On the Fock Transformation in Nonlinear Relativity

TL;DR

This paper introduces a new algebraic framework for Fock's nonlinear relativity that preserves plane wave descriptions and derives a consistent dispersion relation, differing from previous models.

Contribution

It proposes a novel deformed Poisson bracket structure leading to a consistent Fock transformation compatible with plane waves and standard Lorentz transformations.

Findings

Derived a new momentum transformation different from previous results.

Maintained invariance of the four-dimensional contraction for plane waves.

Established a dispersion relation for Fock's nonlinear relativity.

Abstract

In this paper, we propose a new deformed Poisson brackets which leads to the Fock coordinate transformation by using an analogous procedure as in Deformed Special Relativity. We therefore derive the corresponding momentum transformation which is revealed to be different from previous results.

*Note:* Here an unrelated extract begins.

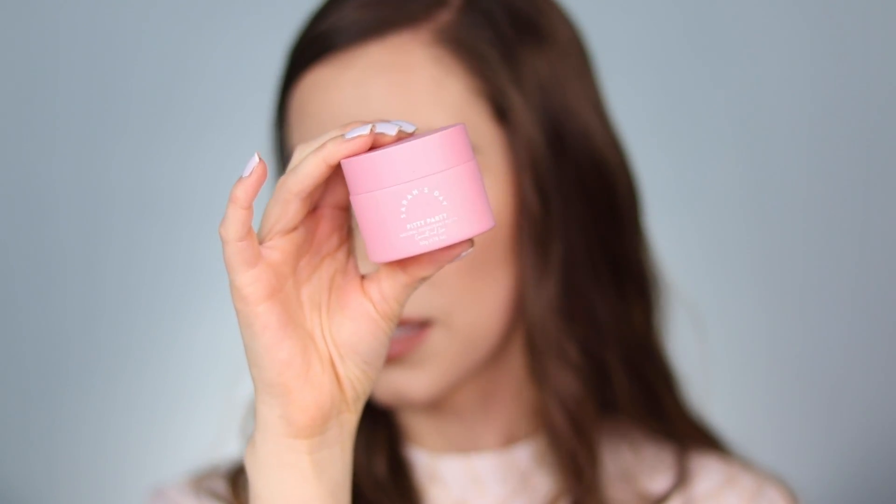If any of you guys follow Sarah's Day here on YouTube, she's honestly one of my favorite YouTubers to follow. She did a collaboration with La Bang Body, and she made a body scrub, a body butter, a deodorant, and a massage bar. Anyway, I bought the set, and this deodorant was in it. This is the Sarah's Day Pity Party Natural Deodorant Putty. The thing that threw me off about this at first was the fact that it's a putty, which means that you have to apply your deodorant with your hands.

Contrary to the earlier version of Fock's nonlinear relativity for which plane waves cannot be described, our resulting algebra keeps invariant for any coordinate and momentum transformations the four dimensional contraction $p_{\mu} x^{\mu} $, allowing therefore to associate plane waves for free particles. As in Deformed Special Relativity, we also derive a canonical transformation with which the new coordinates and momentum satisfy the usual Poisson brackets and therefore transform like the usual Lorentz vectors. Finally, we establish the dispersion relation for Fock's nonlinear relativity.